Learning about Learning: Educational Data Mining

Earlier this summer, I crossed the Atlantic and traveled to Madrid to give a talk at the 8th International Conference on Educational Data Mining. I presented a prototype, built by myself and my colleagues at Stanford, that stages intelligent interventions in the discussion forums of Massive Open Online Courses. Our pipeline, dubbed YouEDU, detects confusion in forum posts and recommends instructional video snippets to their presumably confused authors.

EDM took place in Madrid this year. Pictured above the Retiro Pond in Buen Retiro Park. It has nothing to do with EDM, but I enjoyed the park so please enjoy the picture.

The Educational Data Mining Conference took place in Madrid this year. Pictured above the Retiro Pond in Buen Retiro Park. It has nothing to do with EDM. But I enjoyed the park so please enjoy the picture.

No, not that kind of EDM
Educational Data Mining — affectionately collapsed to EDM — might sound opaque. From the society’s website, EDM is the science and practice of

developing methods for exploring the unique and increasingly large-scale data that come from educational settings, and using those methods to better understand students, and the settings which they learn in.

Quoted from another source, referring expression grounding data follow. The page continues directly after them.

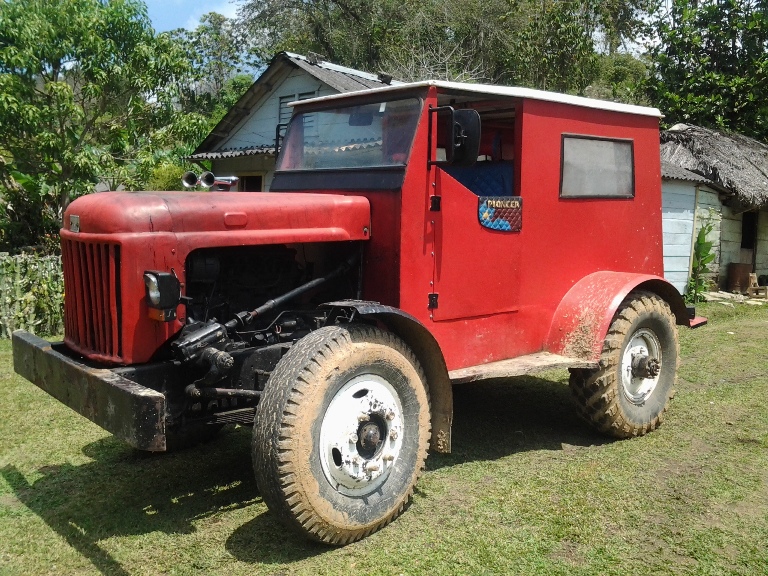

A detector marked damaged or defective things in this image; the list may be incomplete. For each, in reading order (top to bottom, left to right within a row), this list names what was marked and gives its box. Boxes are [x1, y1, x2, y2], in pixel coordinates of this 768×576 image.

rusty metal panel [12, 330, 166, 452]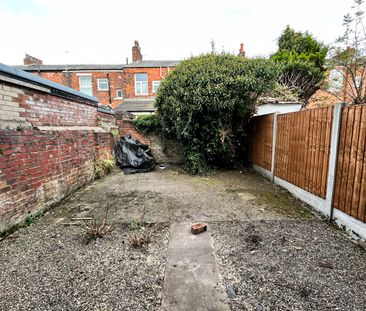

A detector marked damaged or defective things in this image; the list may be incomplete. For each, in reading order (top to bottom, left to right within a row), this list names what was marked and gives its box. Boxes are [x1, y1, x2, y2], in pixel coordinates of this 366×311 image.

cracked concrete path [161, 223, 229, 310]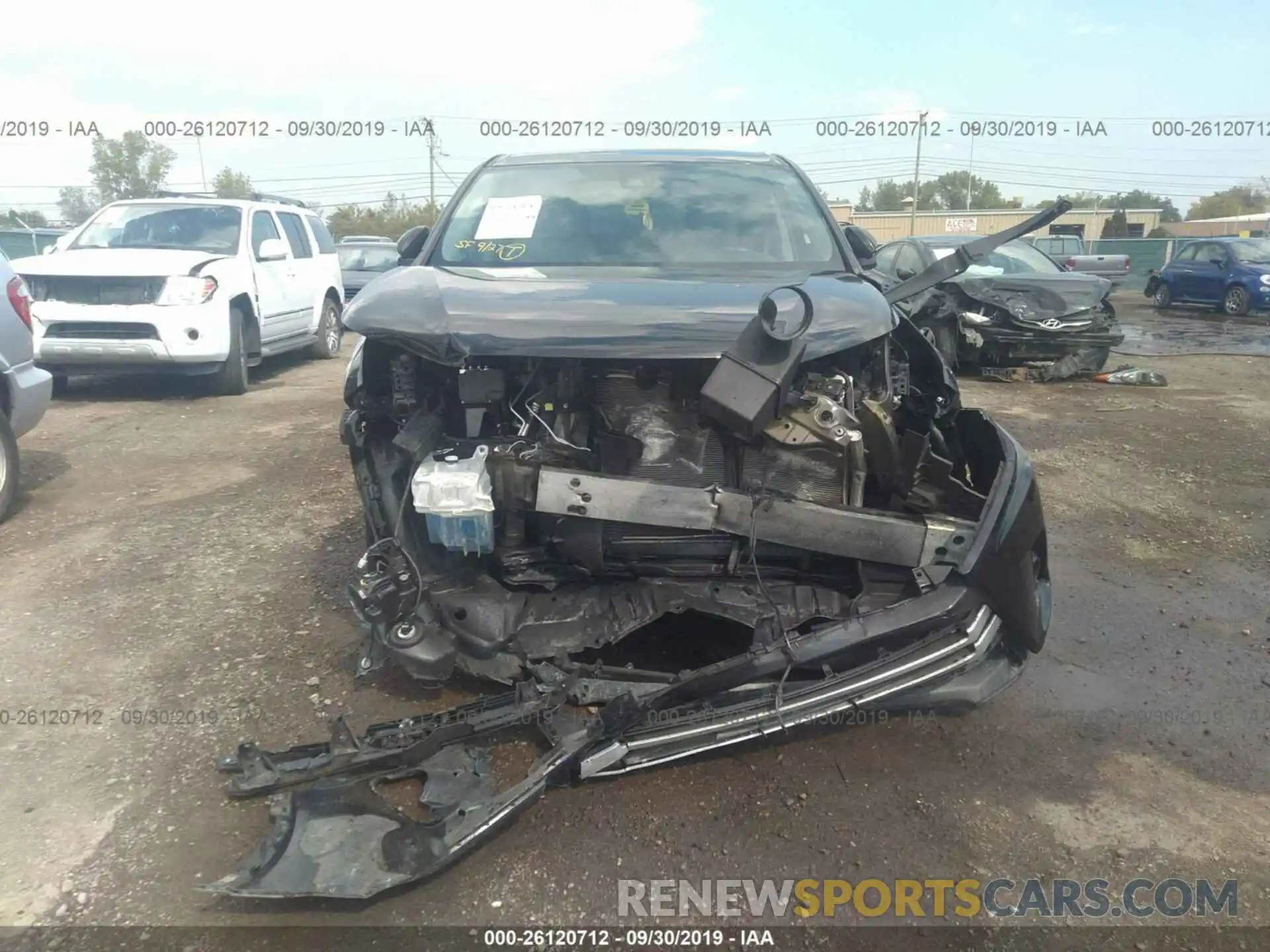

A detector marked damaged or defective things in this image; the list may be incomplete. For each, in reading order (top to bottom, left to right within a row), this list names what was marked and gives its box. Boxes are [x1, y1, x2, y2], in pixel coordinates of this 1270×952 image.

crumpled hood [9, 247, 233, 278]
crumpled hood [337, 262, 894, 363]
crumpled hood [954, 271, 1112, 325]
damaged silver sedan [206, 149, 1051, 904]
damaged hyundai sedan [208, 149, 1056, 904]
damaged gray suv [210, 149, 1062, 904]
broken plastic trim piece [530, 467, 975, 566]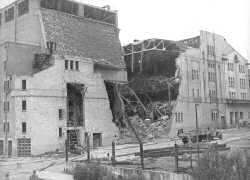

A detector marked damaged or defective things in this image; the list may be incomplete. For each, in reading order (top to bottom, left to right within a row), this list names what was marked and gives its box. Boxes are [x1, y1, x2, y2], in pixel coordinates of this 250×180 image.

Any educational setting that generates data is a candidate for EDM research. So really any educational setting is a candidate, full stop. In practice, EDM-ers often find themselves focusing their efforts on computer-mediated settings, like tutoring systems, educational games, and MOOCs, perhaps because it’s easy to instrument these systems to leave behind trails of data.

Popular methods applied to these educational settings include student modeling, affect detection, and interventions. Student models attempt to approximate the knowledge that a student possesses about a particular subject, just as a teacher might assess her student, while affect detectors classify the behavior and emotional states of students. Interventions attempt to improve the experience of students at critical times. My own work marries affect detectors with interventions in an attempt to improve MOOC discussion forums.

Making discussion forums smarter
I became interested in augmenting online education with artificial intelligence a couple of years ago, after listening to a talk at Google and speaking with Peter Norvig. That interest lay dormant for a year, until I began working as a teaching assistant for a Stanford MOOC. I spent a lot of time answering questions in the discussion forum, questions asked by thousands of students. Helping these students was fulfilling work, to be sure. But slogging through a single, unorganized stream of questions and manually identifying urgent ones wasn’t particularly fun. I would have loved an automatically organized inbox of questions.

The YouEDU architecture. Posts are fed to a classifier that screens posts for confusion, and our recommender then fetches clips relevant to the confused posts.

The YouEDU architecture. Posts are fed to a classifier that screens posts for confusion, and our recommender then fetches clips relevant to the confused posts.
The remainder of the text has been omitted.